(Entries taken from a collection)
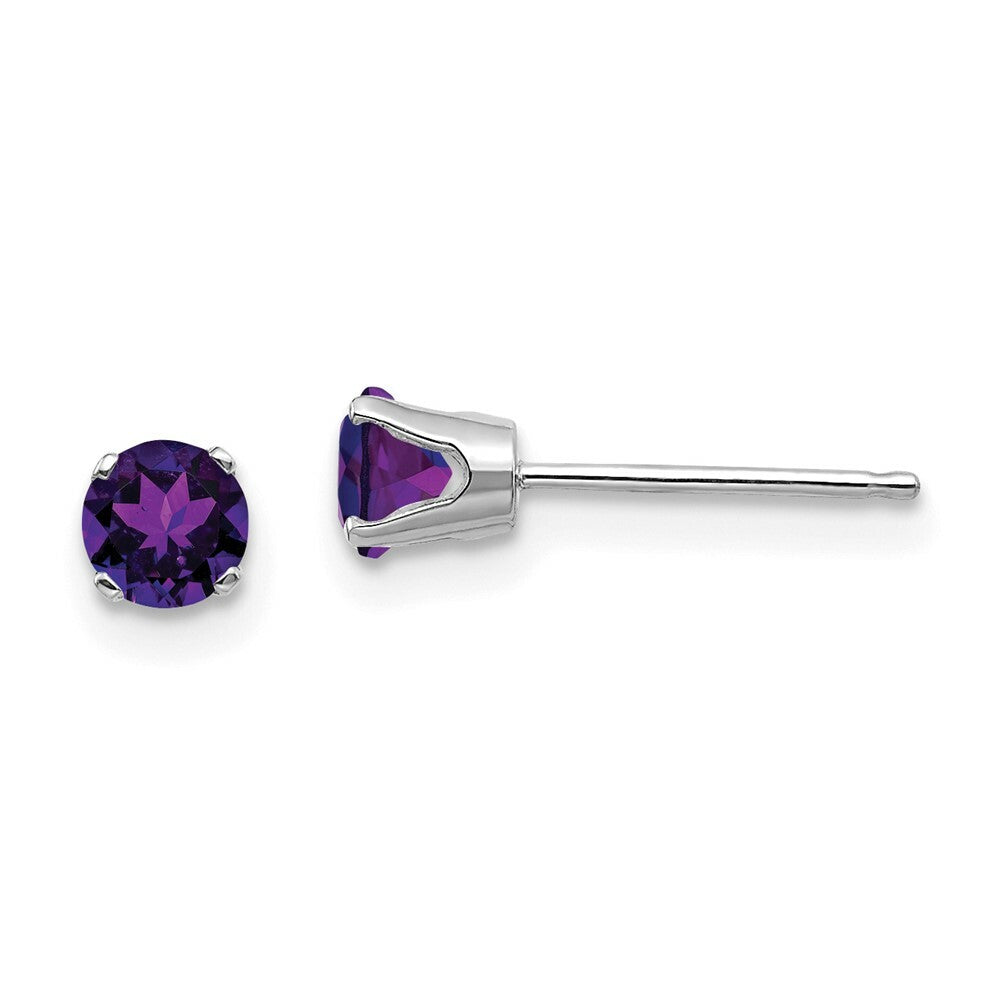 14K White Gold 4mm Amethyst Stud Earrings 0.54-Carat tw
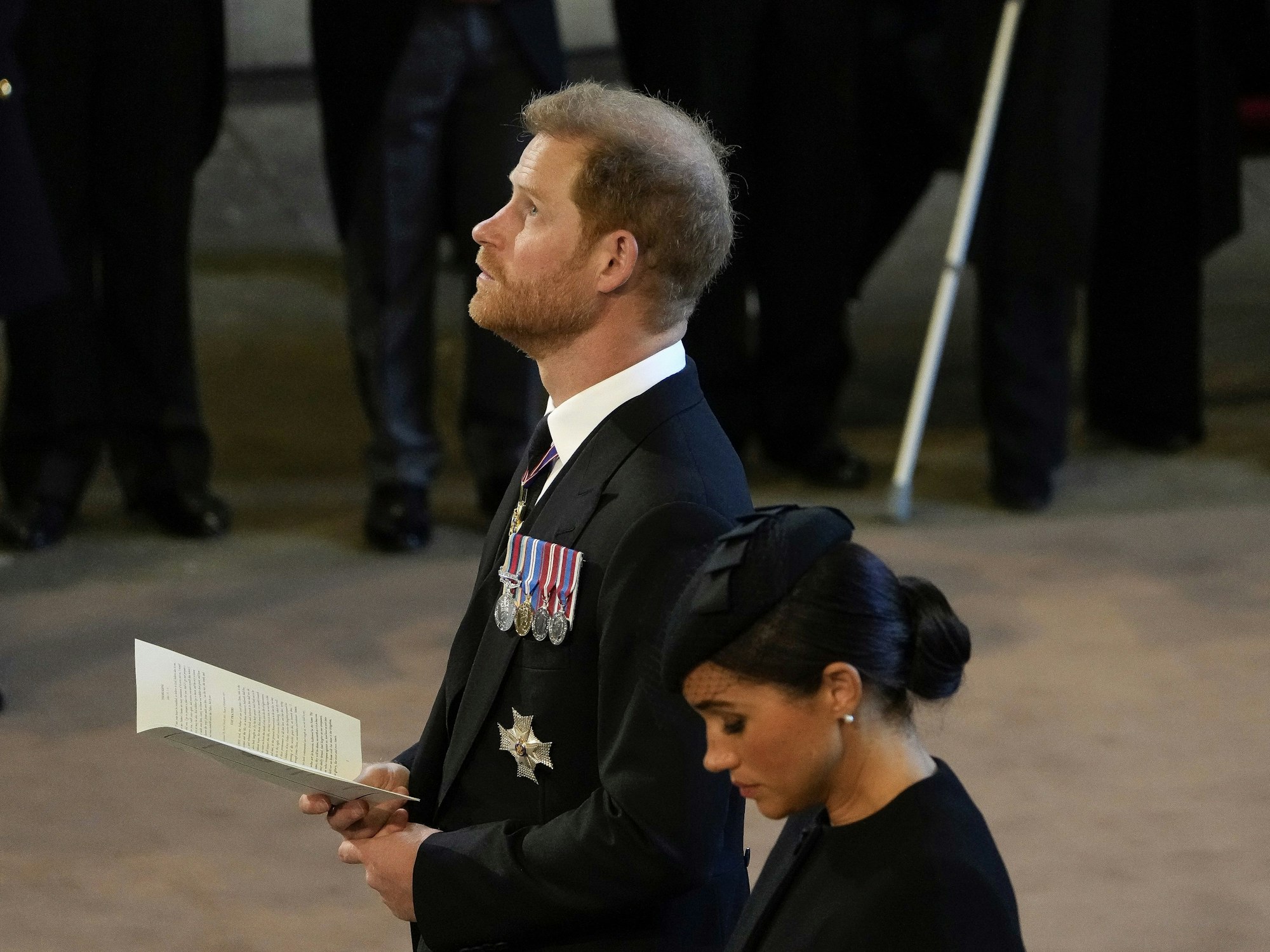 Harry, Herzog von Sussex, und Meghan, Herzogin von Sussex, während eines Gottesdienstes in der Westminster Hall.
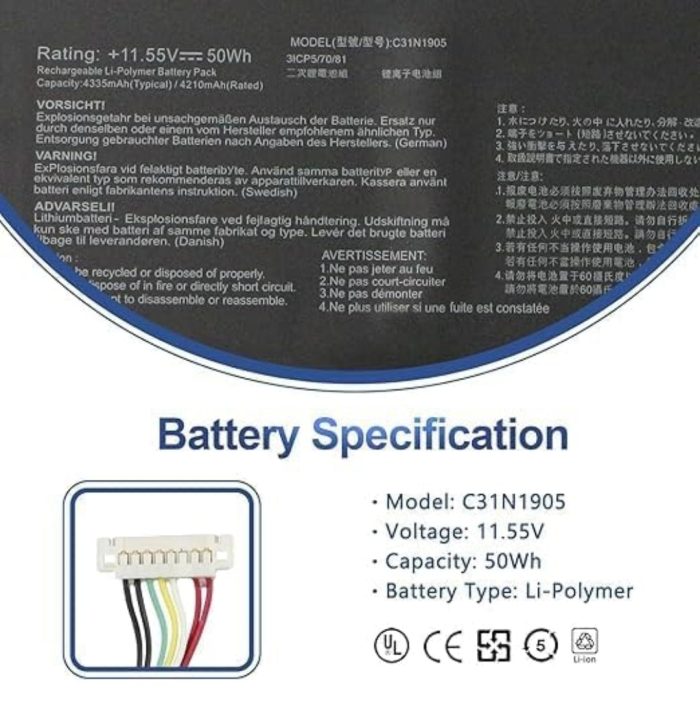 ASUS C31N1905 - C31N1905 Original Laptop Notebook Battery (1 Yr Warranty) - Image 4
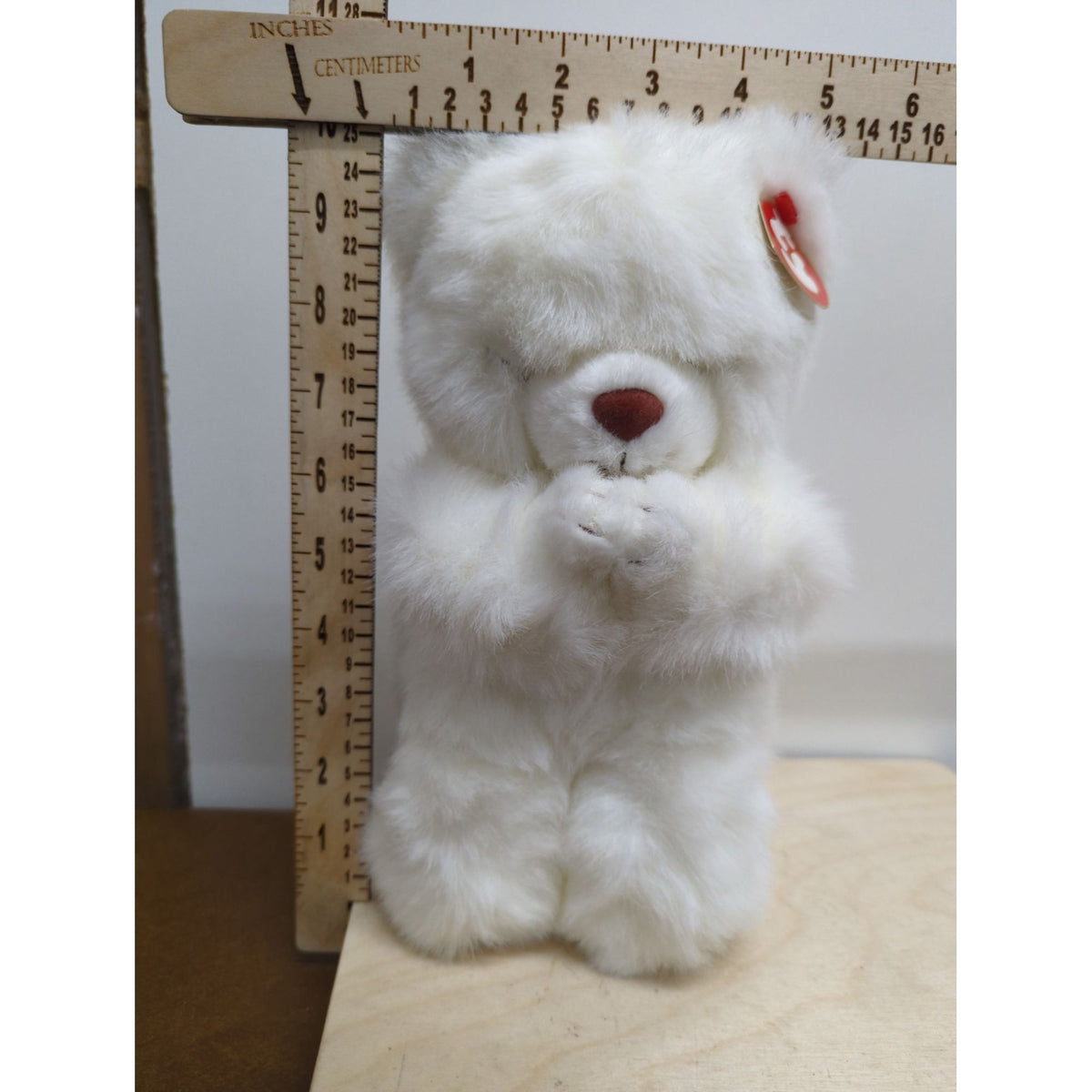 Praying White Plush Teddy Bear Ty Beanie Baby Collectible 9 Inches Tall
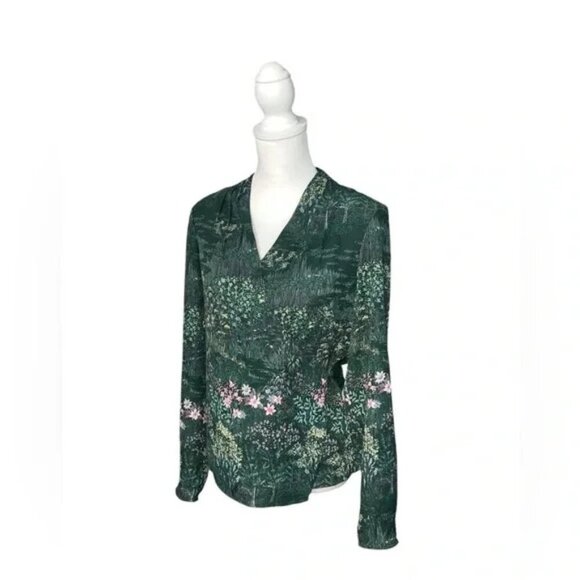 TED BAKER - Thessie Printed Pintuck Wrap Blouse - Green - Picture 1 of 4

# What is required
Repeat each record exactly, with the pictures left out.

# Output for this exercise
 14K White Gold 4mm Amethyst Stud Earrings 0.54-Carat tw
 Harry, Herzog von Sussex, und Meghan, Herzogin von Sussex, während eines Gottesdienstes in der Westminster Hall.
 ASUS C31N1905 - C31N1905 Original Laptop Notebook Battery (1 Yr Warranty) - Image 4
 Praying White Plush Teddy Bear Ty Beanie Baby Collectible 9 Inches Tall
 TED BAKER - Thessie Printed Pintuck Wrap Blouse - Green - Picture 1 of 4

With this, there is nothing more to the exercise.